Filipinos in US, Canada give mixed reviews to new balikbayan box rules
FREMONT, California – Already embroiled in accusations of corruption, the Philippines’ Bureau of Customs (BOC) has courted controversy over its new rules on the shipment of duty-free balikbayan cargo boxes sent by overseas Filipino workers (OFWs) as gifts to their loved ones.
Filipinos in the United States are among the overseas Filipinos giving the new Customs rules mixed reviews.
In the new rules, the BOC is requiring cargo-forwarding companies to submit a list of items and the estimated cost of each in every balikbayan box sent by OFWs in accordance with the bureau’s Guidelines on the Implementation of Customs Administrative Order No. 05-2016 on the Consolidated Shipment of Duty and Tax-Free Balikbayan Boxes.

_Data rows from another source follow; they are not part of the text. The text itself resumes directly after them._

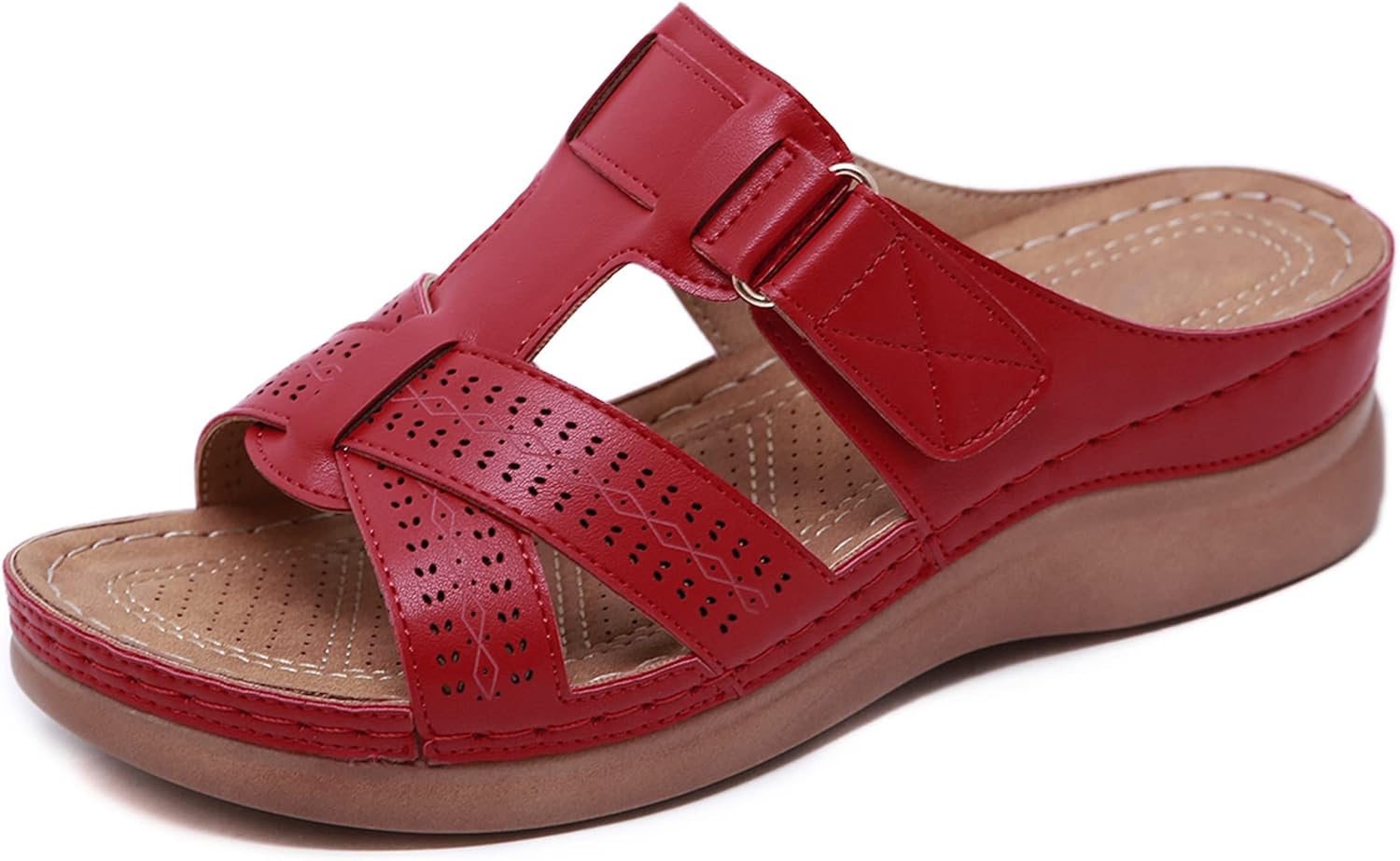Noelle Mules con Cuña para Mujer – Sandalias de Plataforma con Punta Abierta en Similicuir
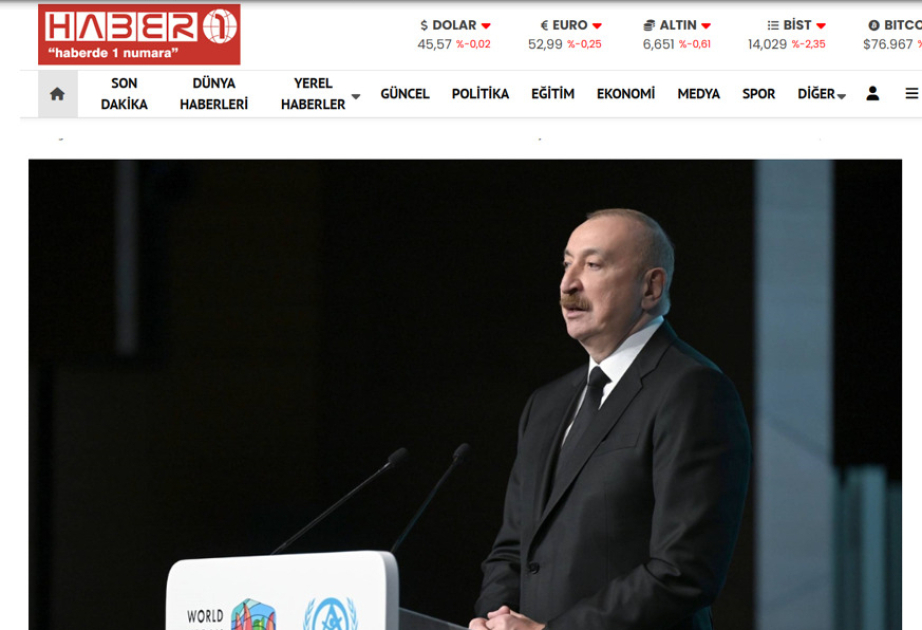 Global media widely covers President Ilham Aliyev’s address at WUF13 opening ceremony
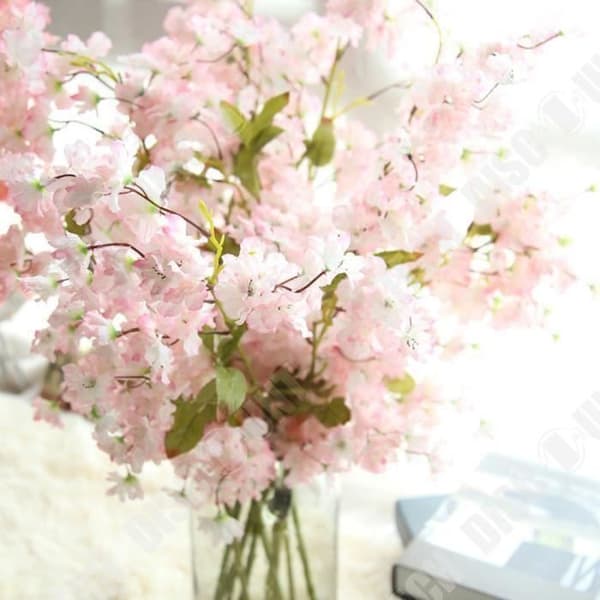 TD® konstgjorda körsbärsblommor dekoration inomhus utomhus trädgårdsfester bröllop stora realistiska blommor realistiska stjälkar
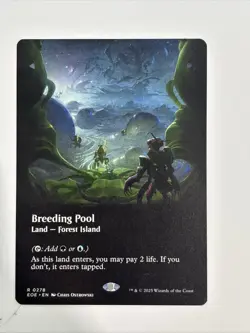 Breeding Pool - Borderless R MTG Edge of Eternities NM non-foil - Image 1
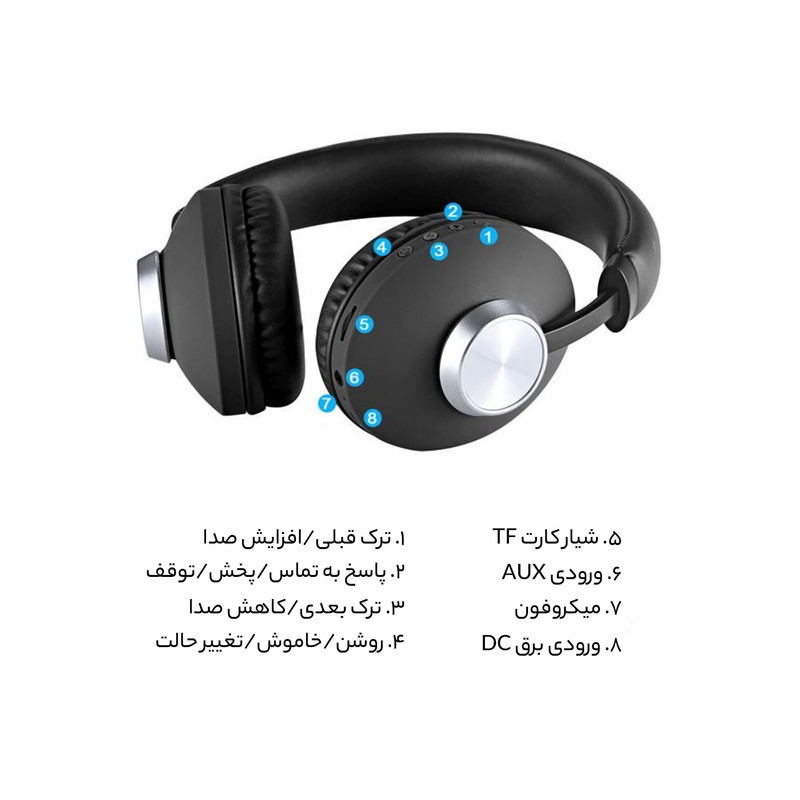 هدست بلوتوث سودو مدل SD- 1007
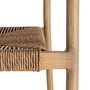 Silla Apilable Aluminio-Rattán Pe 57 X 61 X 82 cm (Set de 2)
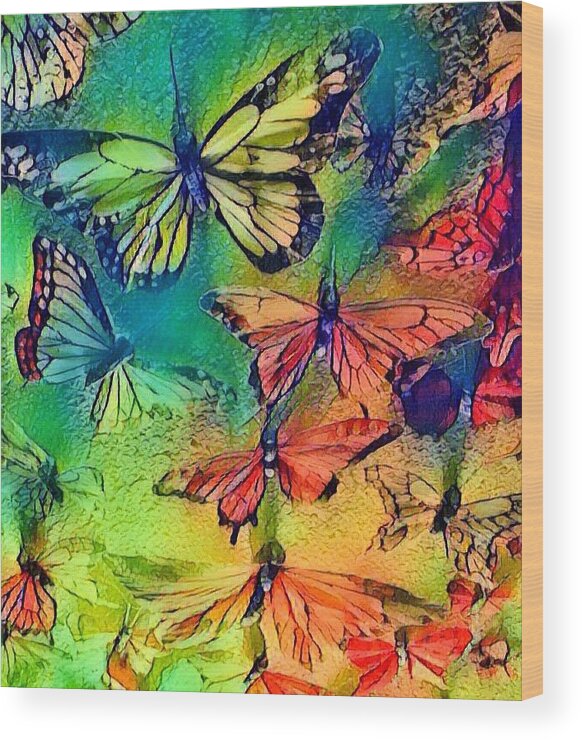  Wood Print featuring the photograph Angels Butterfly Wings by Kimberly Woyak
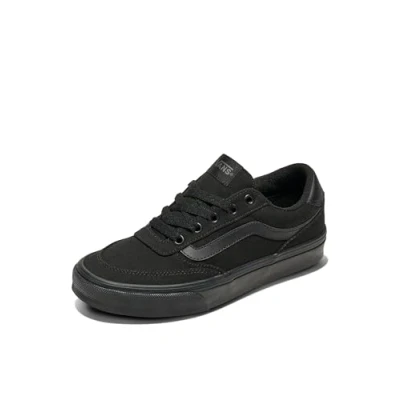 Image of Vans Women&#039;s Brooklyn Ls Sneaker, Canvas Black Black, 3 UK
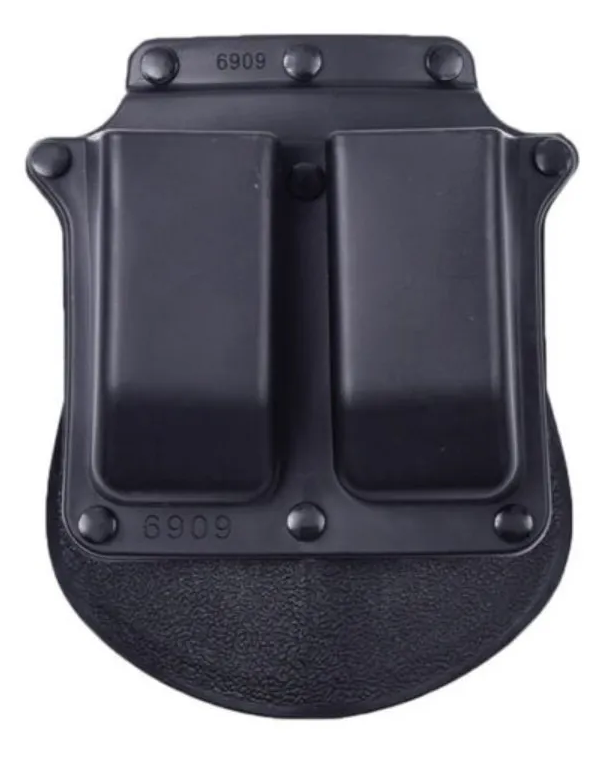 Porta cargador doble tipo remo para dos cargadores Glock 9mm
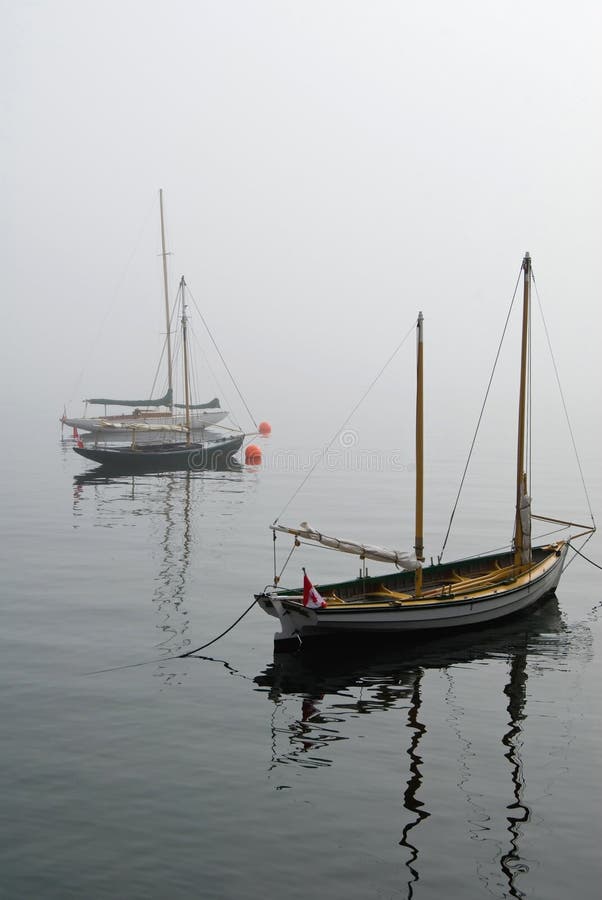 Foggy Boats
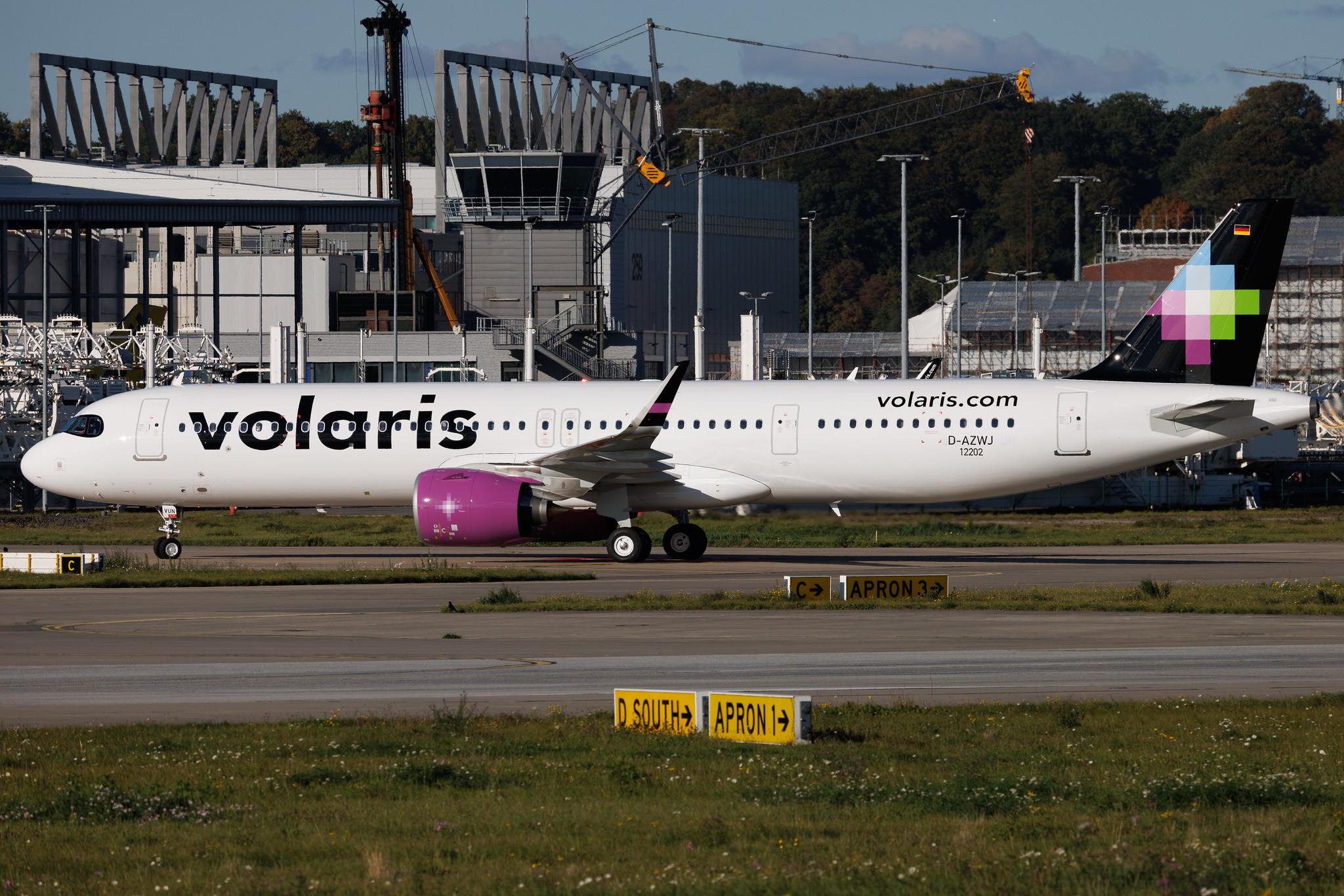 Hamburg Finkenwerder: Volaris (Y4 / VOI) | Airbus A321-271NX A21N | D-AZWJ | XA-VUN | MSN 12202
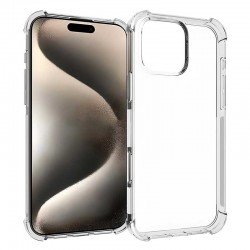 Transparent Silicone Case iPhone 16 Pro Max Διαφανής Θήκη Σιλικόνης Transparent Silicone Case iPhone 16 Pro Max Διαφανής Θήκη Σιλικόνης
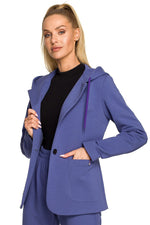 Hette Jakke - Moe til dame fra MS StyleHaven, laget av Bomull, farge beige, størrelse M, med long ermer, perfekt til dress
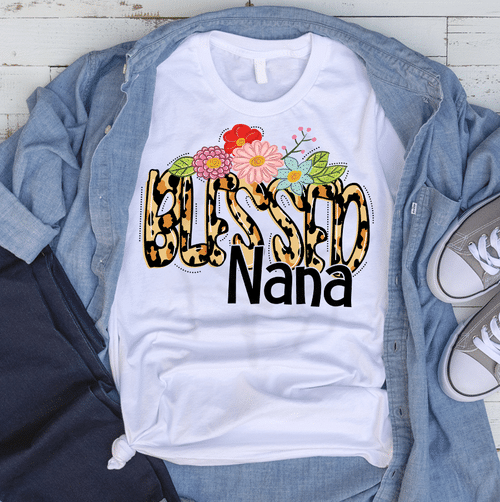 Blessed Nana | Personalized T-Shirt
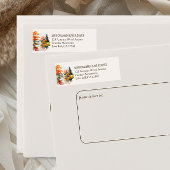 Fall Lake Neutral Woodsy Return Address Label
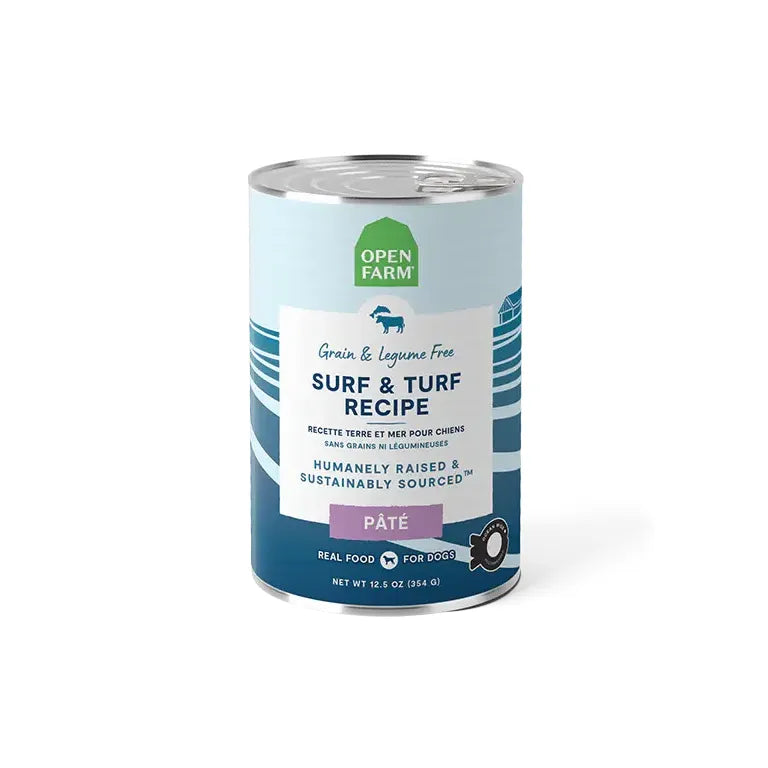 - Christmas pet Christmas clothingOpen Farm Grain Free Surf & Turf Wet Dog Food 12 / 12.5 oz - Christmas pet Christmas clothingOpen Farm Grain Free Surf & Turf Wet Dog Food 12 / 12.5 oz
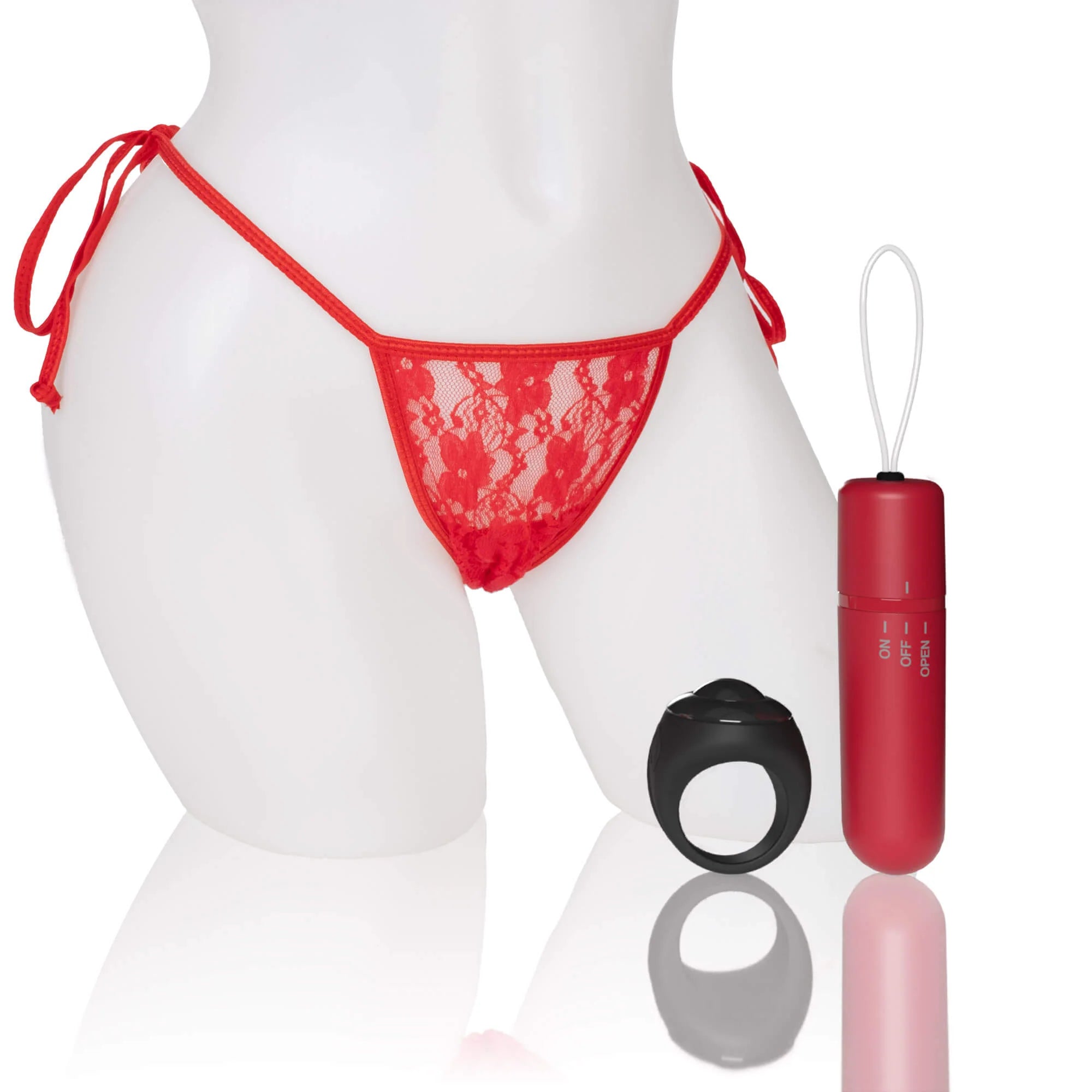 Vibrating Panty Set - Red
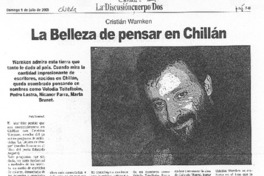La belleza de pensar en Chillán
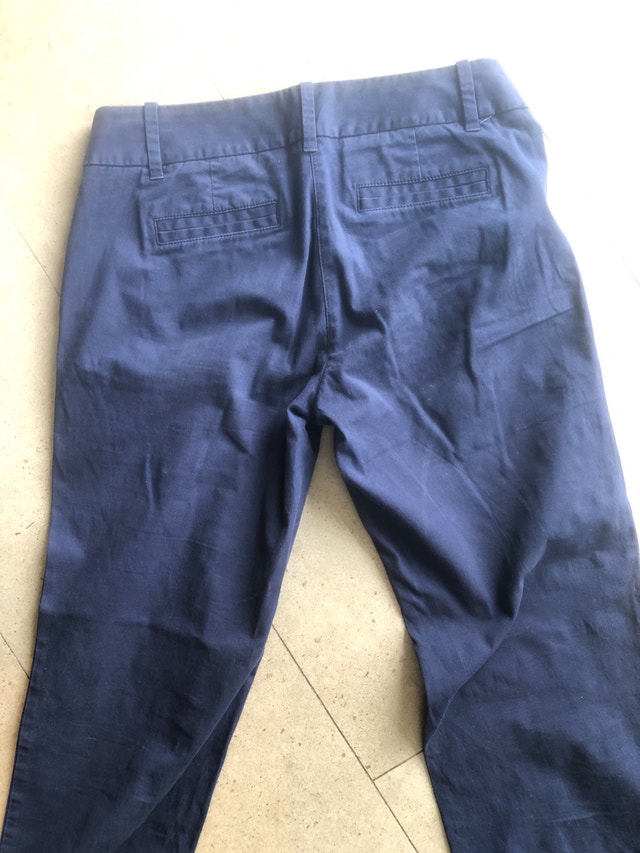 J. Crew Woman's Navy blue stretch chinos - Size 2R - photo 4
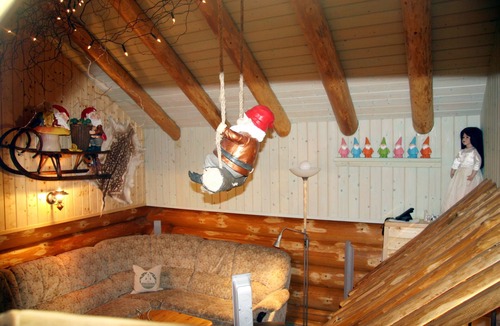 Zaulsdorf Cabin | Schneewittchenhütte- Holzblockbohlen Holiday house with fireplace and sauna in the Vogtland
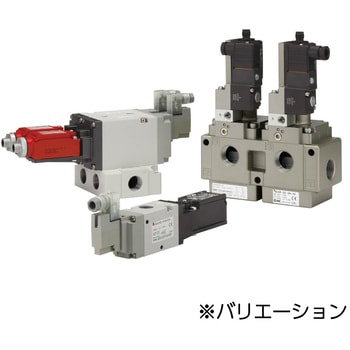 VP544/744-X538 - デュアル残圧排気弁 SMC パイロット式ソレノイド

Also required for the shipment of the duty/tax-free boxes are a copy of the passport of the sender and receipts for new items exceeding in P10,000 in cost.
Senders willing to pay duties and taxes for the goods being shipped need not fill an information sheet. They do not need to send copies of their passports if they are not availing of tax exemption privilege given Filipino citizens if total cost of items contained in the box does not exceed P150,000.
Protection of sender
Customs Commissioner Nicanor Faeldon explained that the declaration of goods is for the “protection” of the sender, to ensure that the items in the parcel get delivered completely to the intended receivers, that passport copies are needed to ensure that only Filipinos avail of the tax exemption privilege, and that receipts are needed only for each brand new items that are P10,000 or more in value.
Senate Pro Tempore Ralph Recto wants the congressional customs and tariff oversight committee convened to determine if the new rules are excessive, even as he feared that these rules might result in a new form of red tape and the tampering of boxes and/or list of items.
While Recto said he recognized the right of the BOC to impose regulations to prevent smugglers from abusing duty-free balikbayan privileges, such rules should not unduly inconvenience OFWs.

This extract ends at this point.